HOW TO COMPLETE THIS TASK -
Word for word, transcribe the data below from the line with "Haloo Pink Ombre" to the line with "Seigen by Sealey", keeping both of those lines.

PROVIDED RECORDS -
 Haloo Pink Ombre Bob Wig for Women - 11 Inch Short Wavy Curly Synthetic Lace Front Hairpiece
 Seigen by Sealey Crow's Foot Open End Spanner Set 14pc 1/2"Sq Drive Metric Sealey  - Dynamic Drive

* * *

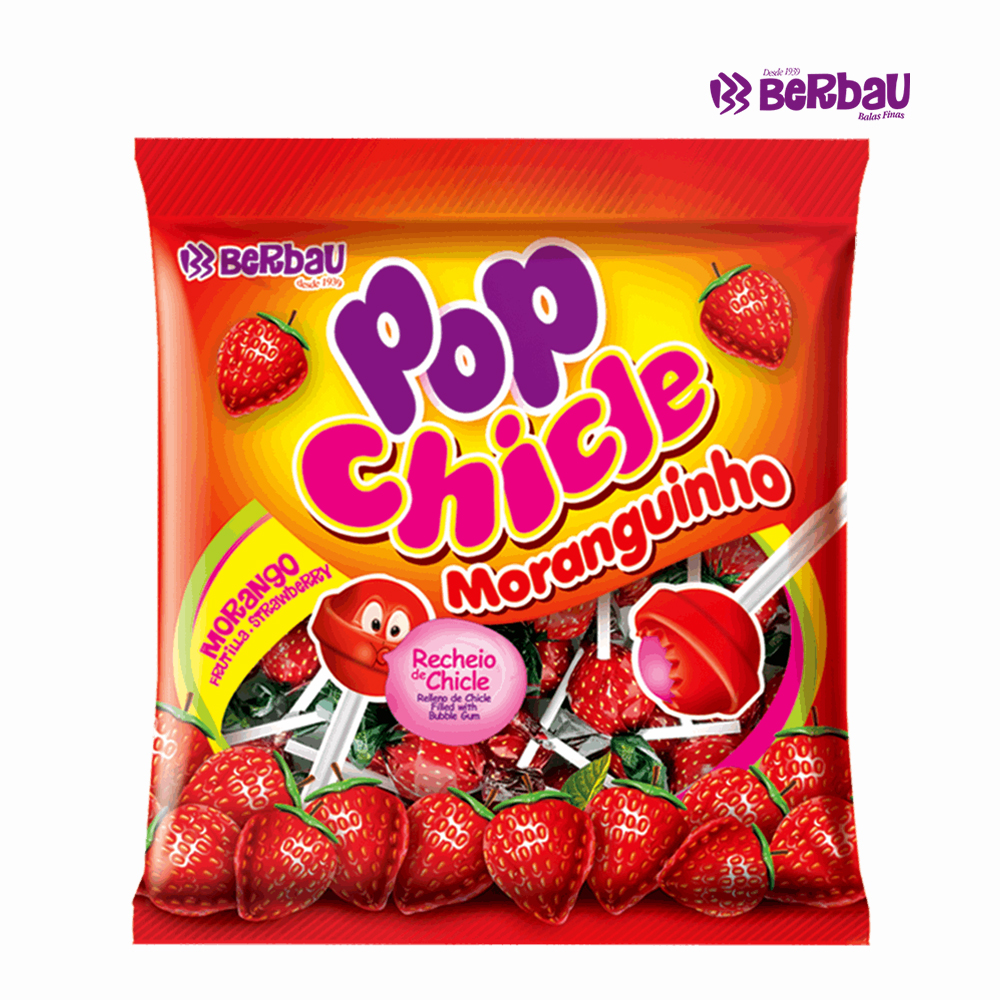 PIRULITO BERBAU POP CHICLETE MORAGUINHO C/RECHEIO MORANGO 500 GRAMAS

WRITTEN REPLY -
 Haloo Pink Ombre Bob Wig for Women - 11 Inch Short Wavy Curly Synthetic Lace Front Hairpiece
 Seigen by Sealey Crow's Foot Open End Spanner Set 14pc 1/2"Sq Drive Metric Sealey  - Dynamic Drive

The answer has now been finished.